Life Perspective Rhythm Model
Life Perspective Rhythm Model is a construct to assist with the professional practice of nursing. Theorist Dr. Joyce Fitzpatrick based her model of practice on Martha Rogers’ theory of Unitary Human Beings. While Rogers’ theory covered eight separate areas, Dr. Fitzpatrick has built her nursing theory on four subdivisions involving the delivery of nursing care.
Dr.Joyce Fitzpatrick published her theory on 1989 in Conceptual Models of Nursing, second edition, which is an anthology of nursing theory. This theory is based on her interest in nursing and psychology. She chose to look at the various components of completing a life experience as rhythms. Often, the medical field is consulted when one or more of these rhythms reaches an apex or bottoms out. The job of nursing then, is to understand and assist the client with putting their rhythms together to support all of the body’s other rhythms and return to a state of health.
Rhythm
Let’s look at rhythm itself. A good definition from the Merriam-Webster Dictionary is “movement, fluctuation or variation marked by regular recurrence or natural flow.” It also offers this definition “a regularly recurrent quantitative change in a variable biological process.” Rhythms can be described, measured and will be repeated. Thus, the stages of life and illness can be equated to rhythms.
Areas of the Life Perspective Rhythm Model
The model frames itself around four separate areas. Understanding these areas in each person’s life will lead to successful outcomes for clients. This model is also useful to communicate treatment techniques to other cultures. Dr.Joyce Fitzpatrick has done research on health care in other countries besides the United States and proposed this model because it included elements of the client’s culture. She defines a major concept of human development that is important to nursing as the value each person places on their life. This knowledge drives how the client responds to changes in their life.
Person
The first of her four areas are the concept of person. The person not only includes the client but all people whom he or she interacts with in their environment. She considers a human an open system with a set group of rhythmic behaviors. These behaviors are drawn from a variety of fields, including biology, psychology, human development, theology, philosophy and the culture of the client with their surrounding society. Clearly, this involves a large area to assess.
Health
This is an area that focuses on the health of the client and their surroundings. Health includes all the people and society that affect the client. To maintain optimum health requires the assistance of care providers, a client willing to change and follow guidelines for a healthful life and surrounding the client with supportive family and friends. Optimum health is the goal of nursing interactions which goes beyond professional interactions that occur only when the client is distressed by their unhealthy state. Nursing professionals strive to improve health through any interaction with clients.
Wellness
Professional nursing has matured into its current focus of promoting wellness. Wellness is the state of optimum health. Essentially, the focus of health exams has become preventative care. Not only do health professionals treat illnesses, they promote lifestyle changes and habits that will lower the chances of experiencing illness during one’s lifetime. Health workers need to learn techniques to promote wellness.
Metaparadigm of Nursing
Metaparadigm is a structure that states how a profession should function. Nursing metaparadigms consistently cover four areas. These are:
• The totality of the person or client – everything known about the client and his life
• The environment of the client – the social construct that surrounds the client and its effect on the client
• Client’s current level of wellness – this establishes which items of health that health care workers need to address
• Nursing’s responsibility and duty toward the client – the nursing theory, actions and treatments that the nurse needs to bring to bear to return the client to the top level of wellness possible.

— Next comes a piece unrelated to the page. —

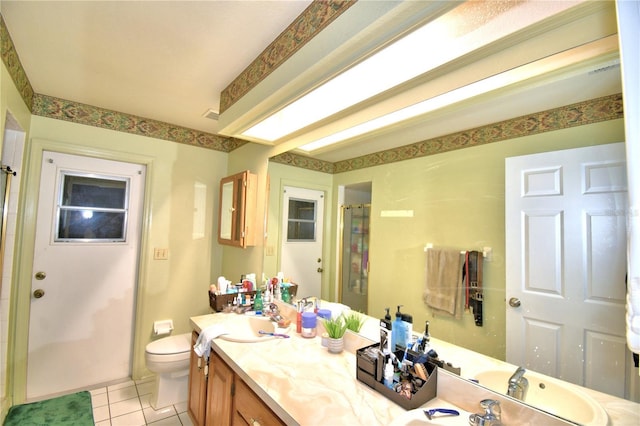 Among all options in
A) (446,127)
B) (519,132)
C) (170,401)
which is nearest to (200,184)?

Dr. Fitzpatrick expects that the nursing profession will have theory, practice and procedures that are standardized to support the client in each situation. Nursing has been building up the professional construct of its profession since the 1800s. Using the life perspective rhythm model should integrate a total professional action plan for each client. Each client is in a different situation and needs to have their own care plan formulated. Nursing also needs to communicate with its practitioners all over the world. Using a concept that includes the life cycle, wellness and maintenance can be applied to any culture or setting.
The life perspective rhythm model is a newer theory that is still being integrated into the profession. It remains to be seen the effect of this theory on moving the profession to a world-wide model. Many nursing theories do not take one of her four areas into consideration, and thus are difficult to translate to a new culture, environment or a different level of health. This model is a complex attempt to solve this issue in the nursing profession.
Sources:
Fitzpatrick, J. J. (1989). A life perspective rhythm model. In J. J. Fitzpatrick & A. L. Whall (Eds.), Conceptual models of nursing (2nd ed., pp. 295–302). Norwalk, CT: Appleton Lange.
Life Perspective Rhythm Model, Current Nursing. http://currentnursing.com/theory/Rhythm_Model_Fitzpatrick.html Assessed on line on July 16, 2019.
Merriam-Webster Dictionary, 2019. Assessed online on July 18, 2019.